Monday, 15 April 2019

After SharePoint CU upgrade, WSP package failing to deploy in some servers

Issue Description:This issue started happening after the Sep 2017 CU upgrade and that this issue is happening only one server where the solution is not getting deployed. The other server gets the solution deployed correctly.

  1. We started seeing this issue after patching. This is a common behavior we see in SharePoint On prem environments where the Logical SharePoint Timer Service instance goes into Offline/Disabled mode on one or more servers. Ideally after the PSConfig is completed successfully, it should move the Timer service instance back in Online state, however, in some instances, when there are some issues with PSConfig during one of the steps, it fails to get all the Timer service instances back online. This makes the timer jobs on the server ( where the Timer Service instance didn’t come back online) not processing correctly. 
    • This issues doesn’t come up to the surface in obvious way because the OWSTIMER.exe ( SharePoint Timer service) in Windows Services.msc console would remain running, so it would not throw any errors in Application Event logs or in ULS logs. However, since the logical Timer service instance is Offline on the server, the timer jobs would not be processed. This applies to all the timer jobs and not specific to WSP related timer jobs.
  2. Continuing from above point, I don’t believe the issue is with the WSP solution as we were able to deploy it successfully right after getting the Offline Timer Service instance back Online.
Review:
  • As per the logs, found the Timer job to be created for solution deployment but not actually getting through with deployment.
02/20/2018 10:23:10.54                 PowerShell.exe (0x0A2C)             0x0A5C SharePoint Foundation  PowerShell         6tf0       
Medium               Entering ProcessRecord Method of install-spsolution.     9a36ccdf-5135-4057-b3a7-90a009e136f4

02/20/2018 10:23:10.88                 PowerShell.exe (0x0A2C)             0x0A5C SharePoint Foundation  Topology             8uav     
 Verbose               Solution Deployment : Created timer job for branding.wsp, id : 8b0ebc5b-c659-4105-8e7a-cf62a3458360               9a36ccdf-5135-4057-b3a7-90a009e136f4

02/20/2018 10:23:10.88                 PowerShell.exe (0x0A2C)             0x0A5C SharePoint Foundation  Topology             8ucn     
Verbose               Solution Deployment : Deleting OperationStatus object for solution branding.wsp          
 9a36ccdf-5135-4057-b3a7-90a009e136f4

02/20/2018 10:23:10.88                 PowerShell.exe (0x0A2C)             0x0A5C SharePoint Foundation  PowerShell         6tf0       
Medium               Leaving ProcessRecord Method of install-spsolution.       9a36ccdf-5135-4057-b3a7-90a009e136f4

Explanation:

  • Each SharePoint server has Physical Timer Service ( OWSTIMER.exe) which is a Windows level service ( which is responsible for processing all the timer jobs), however, each SharePoint server also has Logical SharePoint Timer Service instance ( this is the piece which resides in SharePoint code base).
  • We require the Logical Timer service instances to be Online on all servers for SharePoint to be able to process the Timer jobs.
  • We ran the following script to identify if all the Timer service instances were Online on all servers and found that the affected server’s Timer Service Instance was set to Disabled.
$farm  = Get-SPFarm
$disabledTimers = $farm.TimerService.Instances | where {$_.Status -ne "Online"}
if ($disabledTimers -ne $null)
{
    foreach ($timer in $disabledTimers)
    {
        Write-Host "Timer service instance on server " $timer.Server.Name " is not Online.
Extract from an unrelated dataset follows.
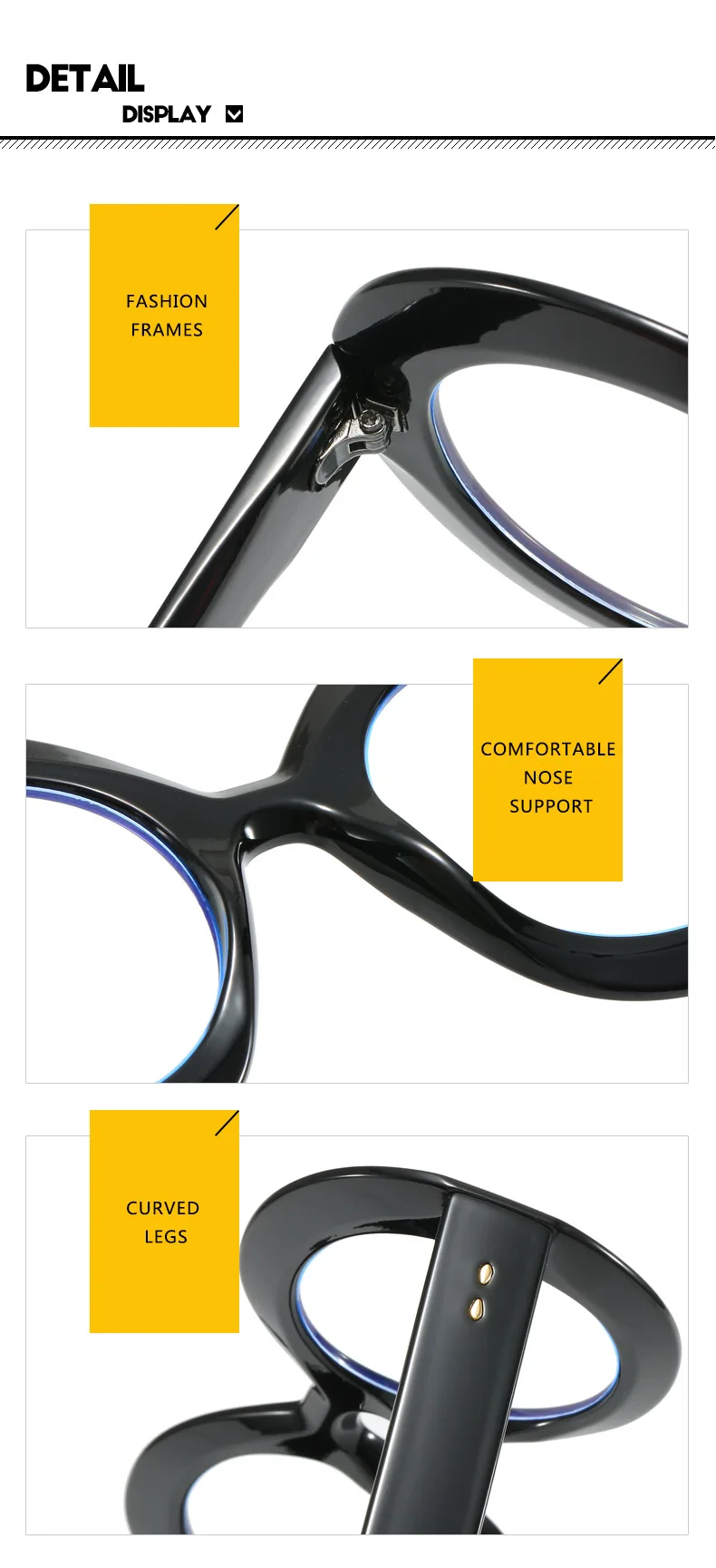 Damen Sonnenbrille Designer Luxus Brille Runde Übergröße Gläser Vintage UV400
Current status:" $timer.Status
        Write-Host "Attempting to set the status of the service instance to online"
        $timer.Status = [Microsoft.SharePoint.Administration.SPObjectStatus]::Online
        $timer.Update()
    }
}
else
{
    Write-Host "All Timer Service Instances in the farm are online! No problems found"
}
  • We enabled the Timer service instance via above script and after that we tried to deploy the solution again via Central Admin site and it was successful on both servers.
Important Note:
  • When the Timer Service instance is not enabled on any of the server, you would see all timer jobs on that server getting impacted. You won’t see any errors in the ULS logs, however, above script would be a good way to check if all Timer service instances are online in the farm.
Reference:

 Add this step to patching activity: 
As an additional safeguard method, I would recommend to add following step in your Patching process so that we can explicitly make sure that all Timer service instances in the farm are Online after the Patching process is completed. You can add this step as part of your Patching process documentation and this will avoid any issues with Timer service instance.

Run following script from one of the SharePoint server after the Patching process is complete. This will check for any Offline/Disabled Timer Service instances and Enable them.

Wednesday, 6 March 2019

Collect memory dump if you find any application slowness

Part of troubleshooting for SharePoint application slowness, we might have to collect the memory dumps.

When we do a manual host entry in client machine and point to any WFE, if you find the slowness with any site, we can collect memory dumps. You can use task manager or Procdump tool to collect the dumps from respective servers.

a. Download the tool from the below location and extract in folder of  server where you have enough free space like above 10GB.

b. Open the command prompt and change the directory to procdump location.

c. Start loading the URL which is slow and simultaneously run below command in command prompt at server. You can collect 2-3 dumps while loading the same site for comparison.

procdump -ma PID #Here PID is process ID of affected site.

SharePoint application pool stops automatically

Issue Definition:
We have multiple web applications in our farm and we are facing issues with all the web applications intermittently where sometime while loading the site, it take more than 2 minutes to load or sometime it times out with the error message.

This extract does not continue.